I realized something pretty major the other day: I have never eaten an artichoke before. Yeah, I know. How is that even possible? Not sure. This occurred to me, in fact, while I was driving through a town called Castroville – the self-proclaimed “artichoke capital of the world” in central California. Hmm…there sure were lots of artichokes in those fields and I had no idea how any of them tasted, which freaked me out a little.
Then, a few days later, I was up north in another part of the state where, lo and behold, in a friend’s backyard garden grew a number of the intimidating-looking plants that had never graced my palette. It was a sign. Time to do something about that.

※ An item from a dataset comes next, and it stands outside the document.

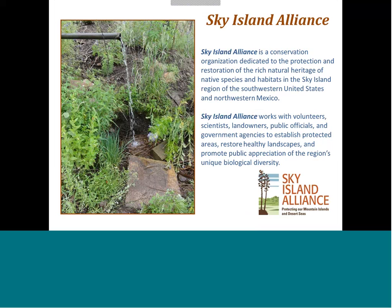Sky Island Alliance is an environmental nonprofit organization. We work to protect native species and to restore their habitats in the Sky Island region of the southwestern United States and northwestern Mexico. We do a lot of collaborative work with agencies, public officials, landowners, and scientists to advance conservation and restoration initiatives. We also do a lot of work with volunteers — we have a variety of programs where we're collecting information on public lands and private lands in the region, and volunteers are a really key piece of that.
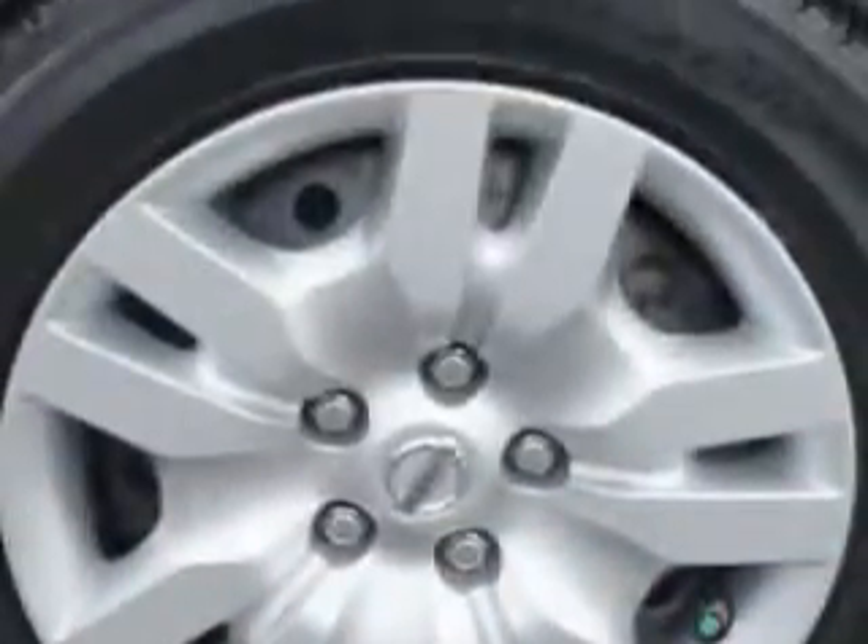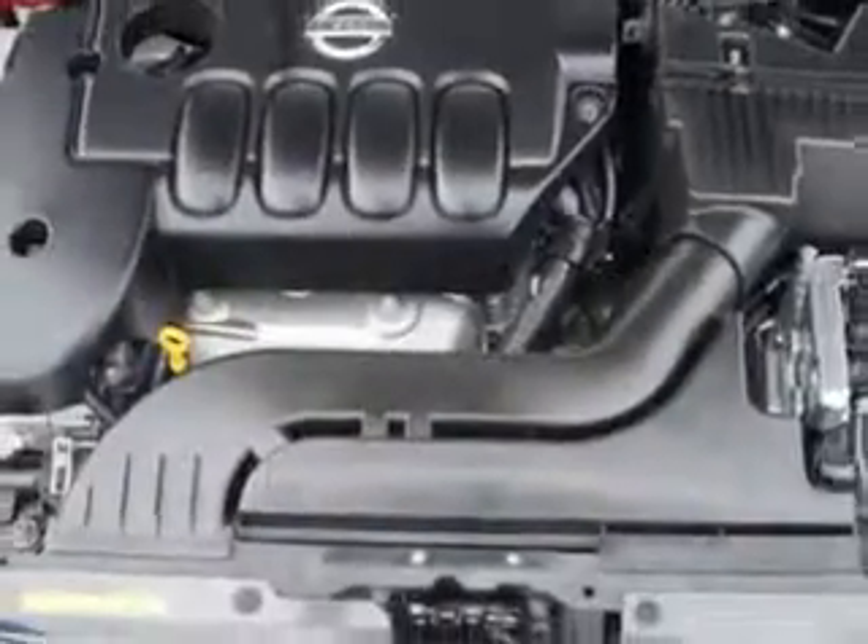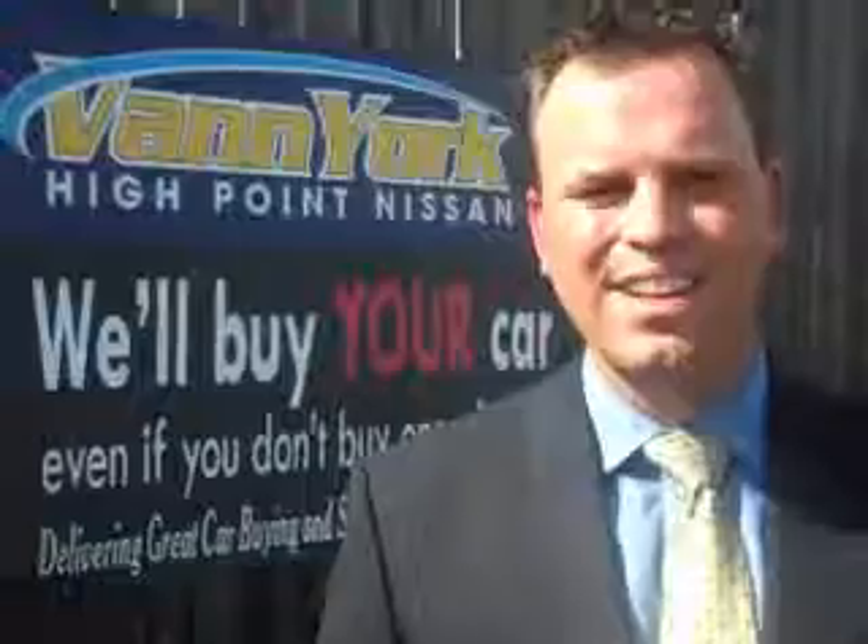Enjoy the drive and have peace of mind in this 2012 Nissan Altima. See us at Vanyork's High Point Nissan today. Come by and work with our internet department or see me personally, Trey Powell. At Vanyork's High Point Nissan, we want to earn your business.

Artichokes are a member of the thistle family (in case you didn’t pick that up from my awesome post title), and the part that we eat is actually the immature flower bud that would otherwise grow into a bright purple blossom.
Although most of us can buy artichokes all year round in a grocery store, we are actually on the opposite side of their ideal season, which is March through May. I guess having never tasted an artichoke before I am equally oblivious to their life cycle. Oops. And that I am in the state that can grow a lot of things all year round no matter what the season is, so can you really blame me? No. I’m just going for it.
So began my artichoke adventure. I picked up some local beauties at the store, figured out how to prepare and cook them (super easy), but as I was looking at many of the suggestions online and in cookbooks on how to eat them – with melted butter, mayonnaise, or hollandaise sauce – I knew that some radical differences were in store for my vegetables. More on that later.
It’s all news to me: artichokes are good for you!
Okay, so we’ve already identified that I am way out of the artichoke loop, fine. How was I supposed to know how full of fiber these things are? Or how they are loaded with antioxidants? Or that they are naturally very low in calories and virtually fat free? Did you know this? Why didn’t you tell me?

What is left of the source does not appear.